When a server responds to an HTTP request, it sends back raw HTML — a string of tags and text. When a browser receives that string, it parses it into a live tree of objects called the DOM△ (Document Object Model). JavaScript can then modify that tree: adding nodes, removing them, rewriting text, injecting entire components.
What you see on screen may look nothing like the original HTML the server sent.
This distinction is why tools like curl or requests are useless for scraping modern web apps. They fetch the raw HTML — the string the server sent. If the content is injected by JavaScript after the page loads, that string is a mostly-empty shell.
Server HTML:<body>
<div id="root"></div>
<script src="/static/js/main.c8f2a1d.js"></script>
</body>
VoidCrawl gives you access to the live DOM, not the raw HTML. It controls a real Chrome instance that executes JavaScript, renders the page, and exposes the resulting DOM tree for you to query and interact with.
Why You Need a Real Browser
Static HTML fetching (requests, httpx, curl) works when the content is in the server response. But modern websites increasingly rely on:
Client-side rendering — React, Vue, Svelte, and Solid apps that build the page in JavaScript
Lazy loading — content that loads as you scroll or interact
Authentication flows — login forms, OAuth redirects, session cookies
Anti-bot protections — WAFs that check for real browser behavior before serving content
Shadow DOM — encapsulated components that aren’t visible in the outer HTML
For all of these, you need a real browser that executes JavaScript, manages cookies, and renders the page. VoidCrawl provides that browser.
The Tool Landscape
VoidCrawl isn’t the only browser automation tool. Here’s how it fits in:
Playwright and Selenium are excellent general-purpose tools. But for high-volume scraping where you need to keep browsers alive, reuse tabs, and minimize overhead:
Playwright launches a new browser context per session. There’s no built-in tab pooling or long-lived daemon mode.
Selenium uses the WebDriver protocol, which has higher overhead than CDP and doesn’t support tab-level recycling.
zendriver/nodriver are async and stealth-focused (VoidCrawl’s stealth approach is inspired by them), but are pure Python with no compiled core. Also they have copy-left licenses.
VoidCrawl’s Rust core handles CDP I/O on a Tokio runtime. The BrowserPool keeps Chrome alive as a daemon and recycles tabs via a semaphore-bounded queue. The result: near-instant tab acquisition after warmup, with the stealth properties of zendriver.
When to use what
Just need to render a page once? Playwright is simpler to set up.
Need long-running concurrent scraping with tab reuse? VoidCrawl’s pool is purpose-built for this.
Need to bypass WAFs? VoidCrawl’s stealth mode handles most cases. See Stealth Mode.

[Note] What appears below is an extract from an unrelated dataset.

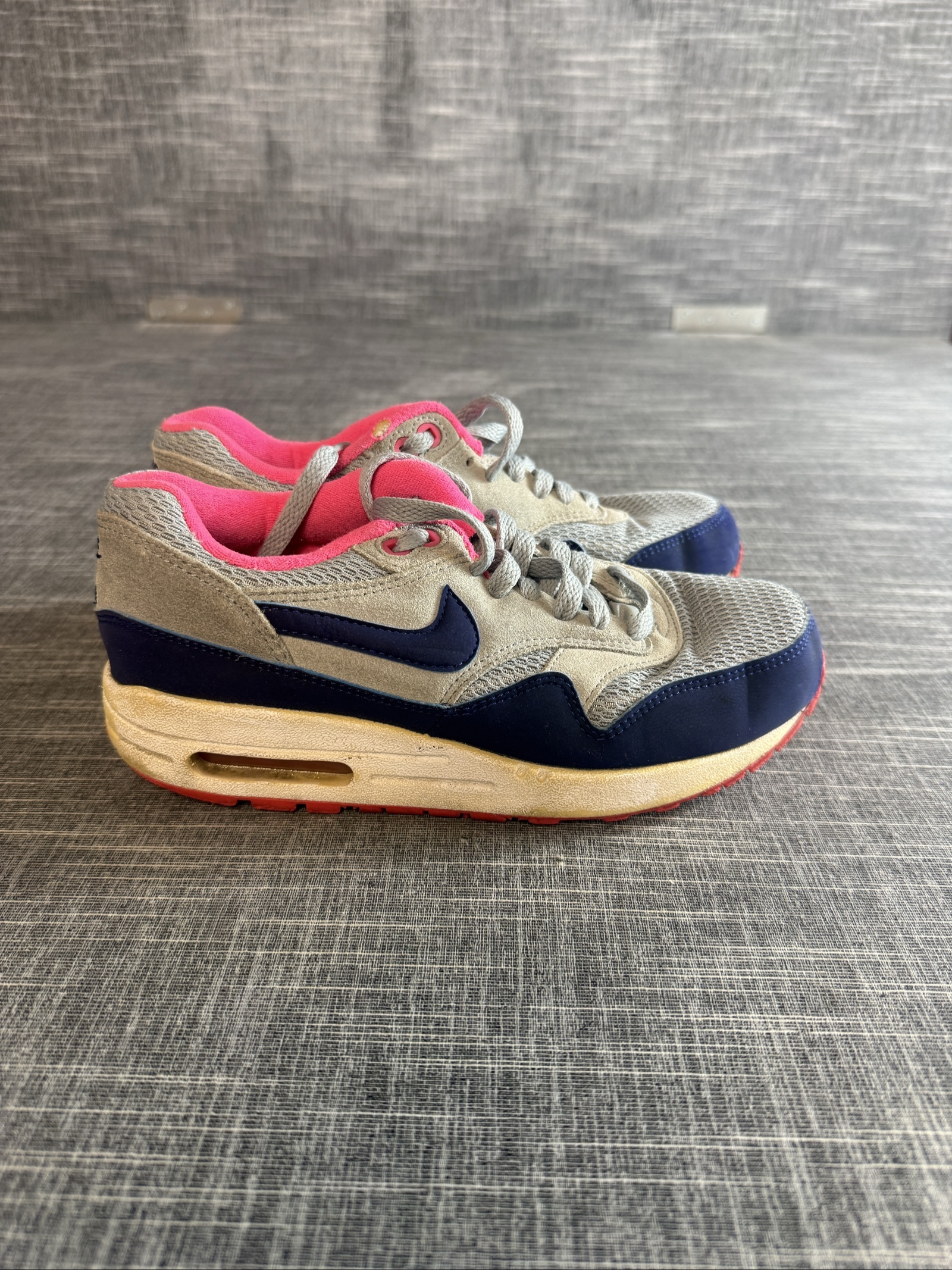 Nike Air Max Women’s Trainers UK 5 Grey Navy Pink image 3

Need cross-browser support (Firefox, Safari)? Use Playwright or Selenium. VoidCrawl is Chrome-only.
Page Source vs. Inspect
A quick way to check whether a site needs browser automation:
View Source (Ctrl+U / Cmd+U) shows the raw HTML the server sent. If the content you want is here, static fetching works.
Inspect (Ctrl+Shift+I / Cmd+Shift+I) shows the live DOM after JavaScript has run. If the content only appears here, you need a browser.
VoidCrawl’s tab.content() returns the live DOM — equivalent to what Inspect shows, not View Source.
FAQs
Can VoidCrawl handle single-page apps (SPAs)?
Yes. VoidCrawl runs a real Chrome instance that executes JavaScript and builds the full DOM. SPAs render normally. Use wait_for_stable_dom() to ensure the page has finished rendering before extracting content.
What about shadow DOM components?
VoidCrawl’s stealth layer forces all attachShadow calls to use mode: 'open', making shadow DOM content accessible to automation. This also enables interaction with WAF challenges like Cloudflare Turnstile.
Do I need VoidCrawl if I’m already using Yosoi?
Yosoi fetches raw HTML by default. For sites that require JavaScript rendering (L2+ difficulty), you can use VoidCrawl to render the page and pass the DOM to Yosoi. A native integration is planned.